All these dimension reduction methods are extremely similar. The math essentially just preserves nearest neighbors, with a setting for how 'tight' you want the clusters to be.

Check out this image [1] and accompanying paper [2] for further reference

[1] https://www.semanticscholar.org/paper/A-Unifying-Perspective...

[2] https://arxiv.org/abs/2007.08902


Nice idea and analysis! I reproduced it as well with https://graphext.com and got similar clusters https://drive.google.com/file/d/1-kXsKezu2_S07rQn-0bjbHuUXHE...


BTW there is an implicit recency bias in the dataset, since 2017 the number of top 3K post became more frequently and the avg score is larger year after year as the community in HN grows:

- Number of top 3K per month of publishing - https://drive.google.com/file/d/1beAPP9ijruMUs5DN5wOVsBArvxP...

- Avg score of top 3K per month of publishing - https://drive.google.com/file/d/10nSIgH1a6DN6XrDU2DyMJTCgsIg...


and it also looks like most topics are constant over the years - https://drive.google.com/file/d/1ilYn9cnEZwiH1FioUtU9ummhmvn...

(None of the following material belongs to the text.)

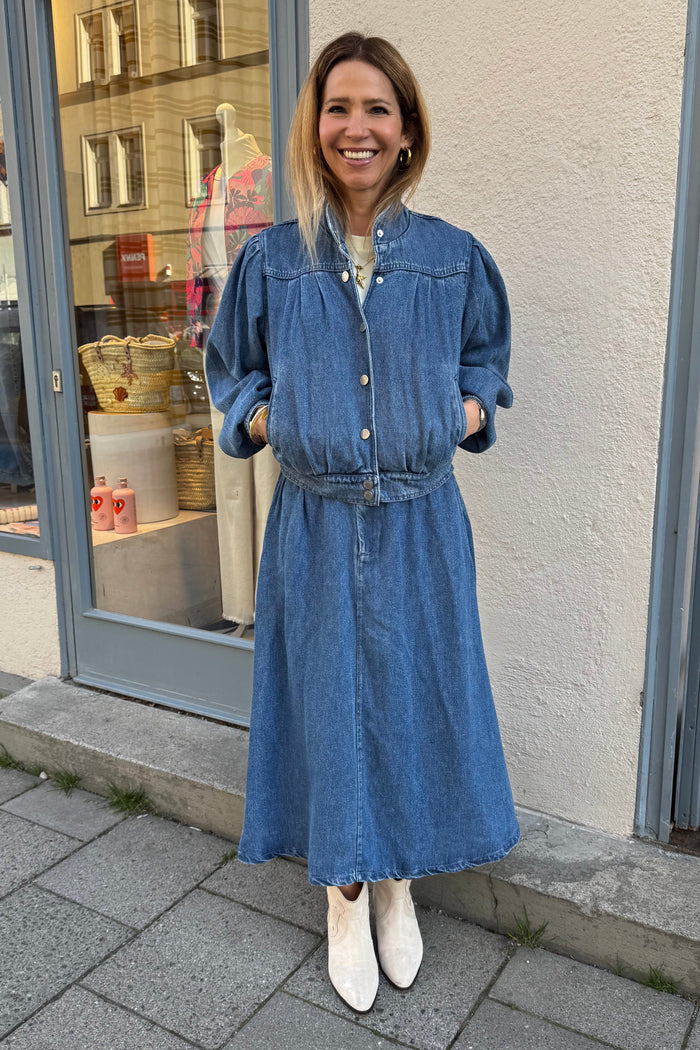 MIDI TENCEL DENIM SKIRT BLUE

sorry for the OT post, wanted to cheer for ploomber - love it for writing pipelines, didnt know your EU based (guessing by ur username?).


I don't know how HN score metrics work but after some short review of the datafile [1] I've noticed a lot of the posts has the form of a simple questions and as such seems to be naturally biased when comes to user engagement. Have you considered to add additional metrics to remove that bias and re-analyze?

[1] https://storage.googleapis.com/cohere-assets/blog/text-clust...


What do you mean by naturally biased? That people seem to favor them?


People seem to be more engaged in discussions arising from questions rather than statements, no?


I think that's part of the expectations out of "ask HN". I don't know that the same effect happens outside of Ask HN.


I love this shit, dude. Not for any great insight. I just enjoy this sort of thing. Good stuff.


as people upvote other things than your list of relevant links it becomes difficult to find the relevant links. although I guess people can find it by your name.

on edit: so it seems some are upvoting the links to keep them on the top in opposition to those upvoting discussion points.


Love your blog posts and visualizations Jay, thanks for sharing!


The scissor statement but it’s Go vs Rust.